### Aim of the exercise
Write down exactly the lines from the one below that has "智造未來，賦能教育 上海發那科技術中心及二期工廠竣工慶典在寶山隆重舉行" to the end of the data, both ends included; the pictures should not appear in your copy.

### Data extract
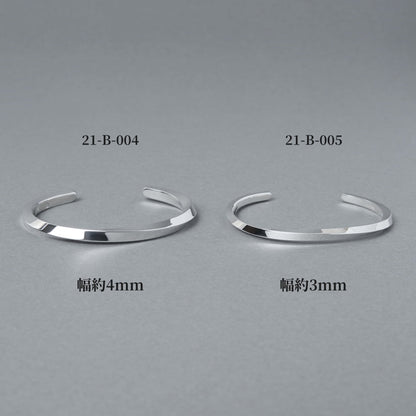 [NINENINE] シルバー925 バングル ｜幅4mm｜21 - B - 004 - apartir Online Store アパルティール セレクトショップ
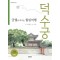 궁궐로 떠나는 힐링여행 덕수궁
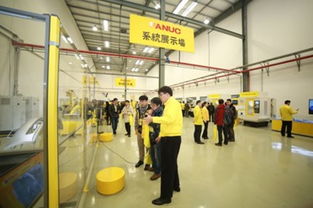 智造未來，賦能教育 上海發那科技術中心及二期工廠竣工慶典在寶山隆重舉行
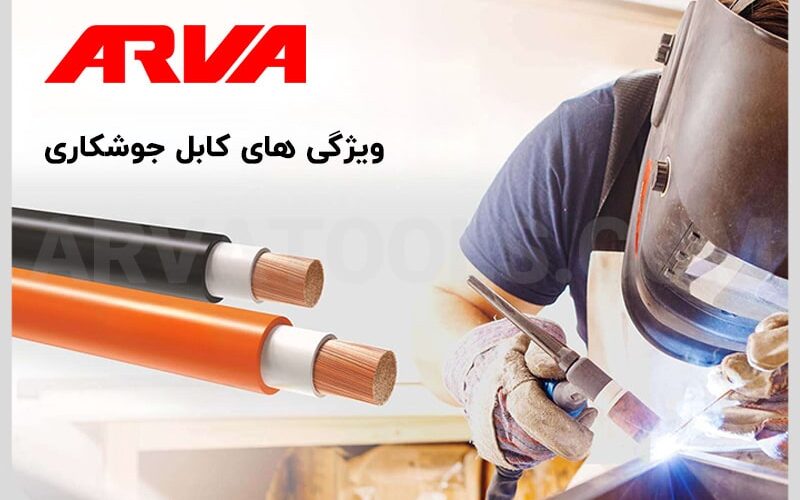 ویژگی های کابل جوشکاری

### Answer area
 智造未來，賦能教育 上海發那科技術中心及二期工廠竣工慶典在寶山隆重舉行
 ویژگی های کابل جوشکاری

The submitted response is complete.